## DESCRIPTION OF THE TASK
Once you find the line containing "a bathroom with" in the data below, copy it and each following line exactly, up to and including the line containing "Mesa alta de", and nothing else.

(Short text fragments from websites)
▬▬▬▬▬▬

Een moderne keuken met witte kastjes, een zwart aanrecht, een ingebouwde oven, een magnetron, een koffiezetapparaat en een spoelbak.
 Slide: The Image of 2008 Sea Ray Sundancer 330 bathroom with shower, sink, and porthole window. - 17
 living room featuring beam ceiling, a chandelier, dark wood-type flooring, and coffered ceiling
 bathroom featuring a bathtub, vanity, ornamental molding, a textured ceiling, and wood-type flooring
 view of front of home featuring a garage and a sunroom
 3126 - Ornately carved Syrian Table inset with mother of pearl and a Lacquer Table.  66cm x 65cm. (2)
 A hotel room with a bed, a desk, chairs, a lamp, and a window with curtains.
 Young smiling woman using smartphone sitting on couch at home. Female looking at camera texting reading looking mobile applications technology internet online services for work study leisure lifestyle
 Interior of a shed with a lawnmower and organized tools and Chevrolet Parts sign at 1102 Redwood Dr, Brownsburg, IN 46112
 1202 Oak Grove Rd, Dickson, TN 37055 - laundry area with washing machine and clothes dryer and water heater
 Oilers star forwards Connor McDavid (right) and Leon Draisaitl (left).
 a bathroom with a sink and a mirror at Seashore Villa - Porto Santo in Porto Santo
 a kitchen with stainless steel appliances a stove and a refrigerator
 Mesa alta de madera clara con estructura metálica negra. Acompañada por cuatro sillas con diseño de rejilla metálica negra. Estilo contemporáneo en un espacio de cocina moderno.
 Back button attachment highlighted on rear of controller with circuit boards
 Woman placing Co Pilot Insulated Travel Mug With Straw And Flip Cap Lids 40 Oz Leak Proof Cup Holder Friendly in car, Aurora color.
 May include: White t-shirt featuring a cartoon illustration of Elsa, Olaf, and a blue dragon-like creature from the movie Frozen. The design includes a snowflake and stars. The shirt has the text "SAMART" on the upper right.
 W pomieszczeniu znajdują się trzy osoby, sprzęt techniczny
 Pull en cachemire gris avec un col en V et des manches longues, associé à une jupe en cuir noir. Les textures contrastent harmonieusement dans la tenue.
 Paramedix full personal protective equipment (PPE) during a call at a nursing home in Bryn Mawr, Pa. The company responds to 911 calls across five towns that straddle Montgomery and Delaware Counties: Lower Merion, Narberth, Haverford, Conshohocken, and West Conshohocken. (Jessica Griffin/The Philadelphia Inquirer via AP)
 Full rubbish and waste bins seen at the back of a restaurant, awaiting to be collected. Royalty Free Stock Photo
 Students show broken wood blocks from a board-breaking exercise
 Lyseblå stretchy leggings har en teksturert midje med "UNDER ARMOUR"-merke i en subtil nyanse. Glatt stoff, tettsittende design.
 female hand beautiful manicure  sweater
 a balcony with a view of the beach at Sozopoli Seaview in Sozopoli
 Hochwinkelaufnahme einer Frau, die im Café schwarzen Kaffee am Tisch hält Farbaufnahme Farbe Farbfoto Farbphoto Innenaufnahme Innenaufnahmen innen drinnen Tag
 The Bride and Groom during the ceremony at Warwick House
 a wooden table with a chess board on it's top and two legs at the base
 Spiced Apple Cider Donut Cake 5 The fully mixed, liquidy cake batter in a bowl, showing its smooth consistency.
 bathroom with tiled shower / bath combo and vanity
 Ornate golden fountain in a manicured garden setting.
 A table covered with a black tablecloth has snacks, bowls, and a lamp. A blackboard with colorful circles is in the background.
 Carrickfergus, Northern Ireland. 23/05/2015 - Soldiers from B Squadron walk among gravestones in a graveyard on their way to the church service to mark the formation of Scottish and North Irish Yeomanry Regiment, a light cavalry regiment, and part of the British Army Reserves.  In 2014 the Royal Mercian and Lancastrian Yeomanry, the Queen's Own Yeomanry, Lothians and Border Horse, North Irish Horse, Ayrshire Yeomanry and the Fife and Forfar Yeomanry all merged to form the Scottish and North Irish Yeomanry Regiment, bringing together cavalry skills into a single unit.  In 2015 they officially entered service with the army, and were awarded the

▬▬▬▬▬▬

## EXERCISE OUTPUT
 a bathroom with a sink and a mirror at Seashore Villa - Porto Santo in Porto Santo
 a kitchen with stainless steel appliances a stove and a refrigerator
 Mesa alta de madera clara con estructura metálica negra. Acompañada por cuatro sillas con diseño de rejilla metálica negra. Estilo contemporáneo en un espacio de cocina moderno.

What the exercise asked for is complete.